Applying software package minor updates (referred to as errata) to appliances in a high availability environment must be performed in a specific order to avoid migrating your databases to the next major CloudForms version.

Prerequisites

Ensure each appliance is registered to Red Hat Subscription Manager and subscribed to the update channels required by CloudForms in order to access updates.

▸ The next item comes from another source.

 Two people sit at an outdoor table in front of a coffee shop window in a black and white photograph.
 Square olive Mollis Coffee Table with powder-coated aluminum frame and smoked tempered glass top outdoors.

To verify if your appliance is registered and subscribed to the correct update channels, run:

# yum repolist

Appliances must be subscribed to the following channels:

  • cf-me-5.7-for-rhel-7-rpms
  • rhel-7-server-rpms
  • rhel-server-rhscl-7-rpms

If any appliance shows it is not registered or is missing a subscription to any of these channels, see Registering and Updating Red Hat CloudForms in General Configuration to register and subscribe the appliance.

Updating the Appliances

Follow this procedure to update appliances in your environment without migrating the database to the next major version of CloudForms. Note the appliance to perform each step on: some steps are to be performed only on the database-only appliances, and other steps only on the CloudForms appliances, while some steps apply to all appliances.

  1. Power off the CloudForms appliances.
  2. Power off the database-only appliances.
  3. Back up each appliance:

    1. Back up the database of your appliance. Take a snapshot if possible.
    2. Back up the following files for disaster recovery, noting which appliance each comes from:

      • /var/www/miq/vmdb/GUID
      • /var/www/miq/vmdb/REGION
    3. Note the hostnames and IP addresses of each appliance. This information is available on the summary screen of the appliance console.
  4. Start each database-only appliance.
  5. Start each CloudForms appliance again, and stop evmserverd on each just after boot:

    # systemctl stop evmserverd
    Note

    This step is not required on the database-only appliances, as evmserverd does not run on them.

  6. Apply updates by running the following on each appliance:

    # yum update
  7. On one of the CloudForms (non-database) appliances, apply any database schema updates included in the errata, and reset the Red Hat and ManageIQ automation domains:

    # vmdb
    # rake db:migrate
    # rake evm:automate:reset
  8. Power off the CloudForms appliances.
  9. Reboot the database-only appliances.
  10. Wait five minutes, then start the CloudForms appliances again.

The appliances in your high availability environment are now up to date.